_Entries supplied:_

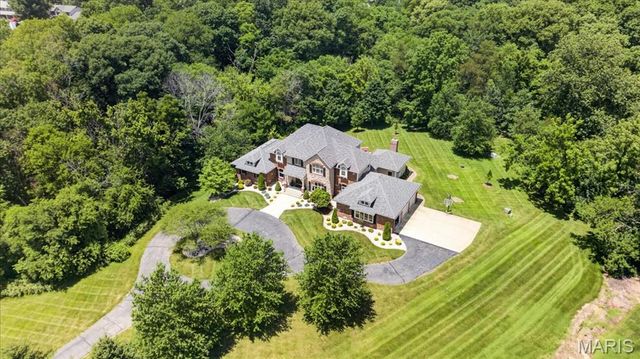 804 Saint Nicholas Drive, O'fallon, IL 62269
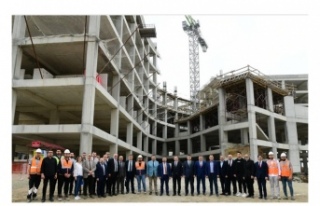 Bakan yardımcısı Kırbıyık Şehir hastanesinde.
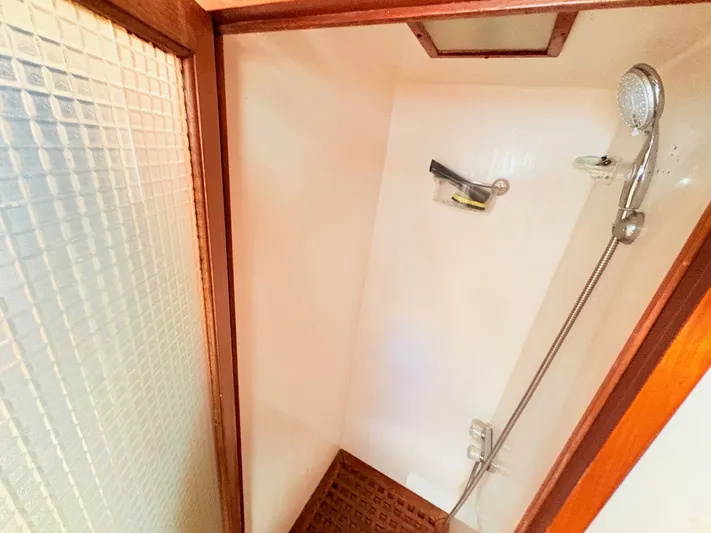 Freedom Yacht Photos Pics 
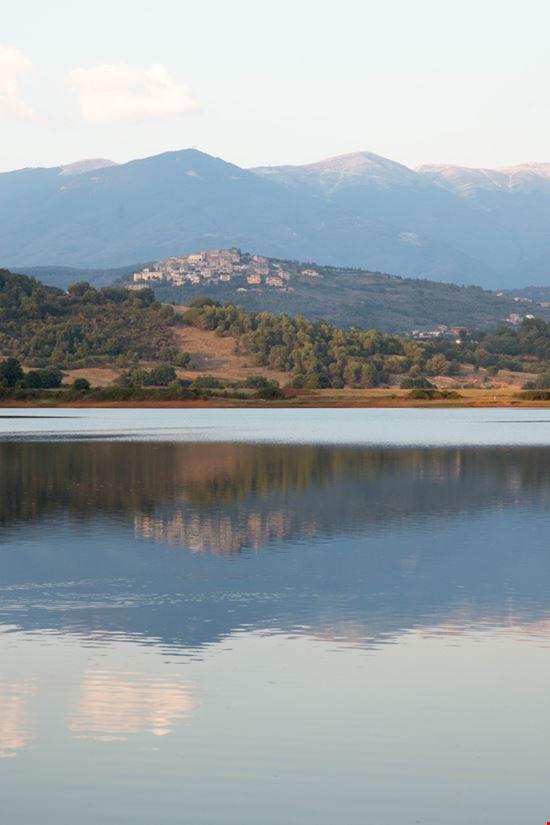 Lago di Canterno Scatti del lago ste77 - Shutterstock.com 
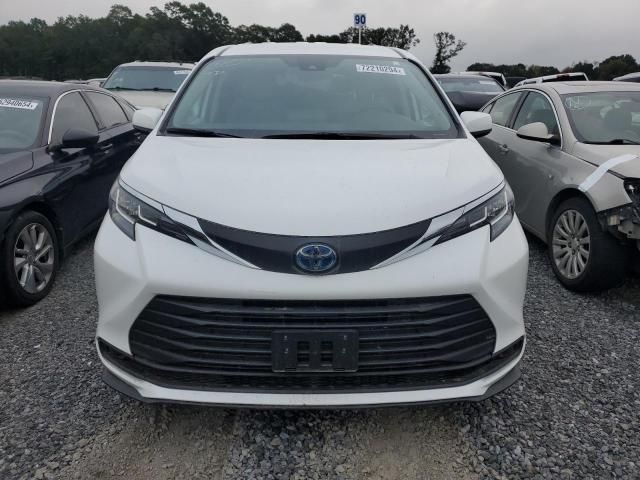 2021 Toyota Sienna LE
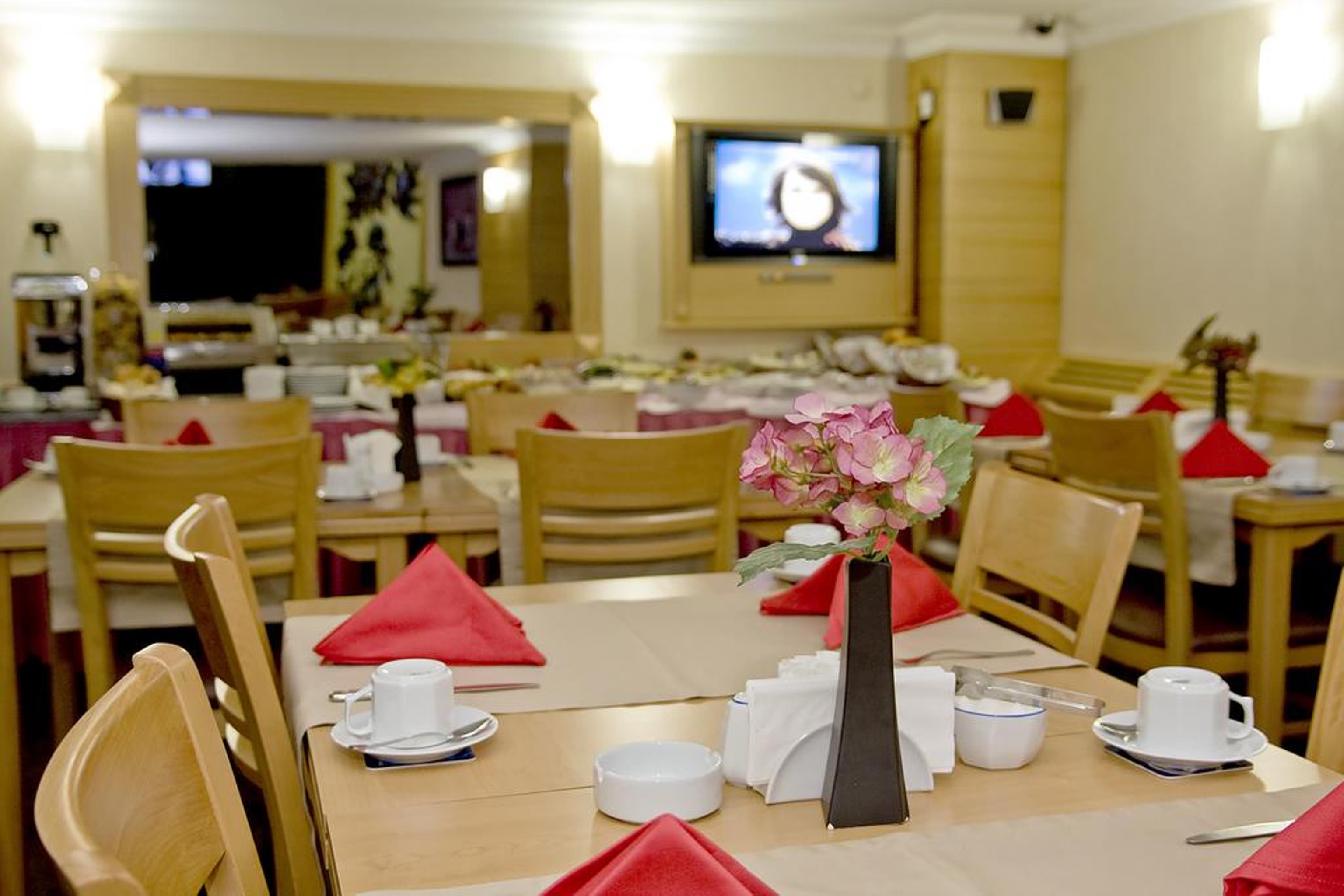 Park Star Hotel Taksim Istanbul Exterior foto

_Exercise directions:_
Set down all the data again exactly as above, pictures excluded.

_Exercise response:_
 804 Saint Nicholas Drive, O'fallon, IL 62269
 Bakan yardımcısı Kırbıyık Şehir hastanesinde.
 Freedom Yacht Photos Pics 
 Lago di Canterno Scatti del lago ste77 - Shutterstock.com 
 2021 Toyota Sienna LE
 Park Star Hotel Taksim Istanbul Exterior foto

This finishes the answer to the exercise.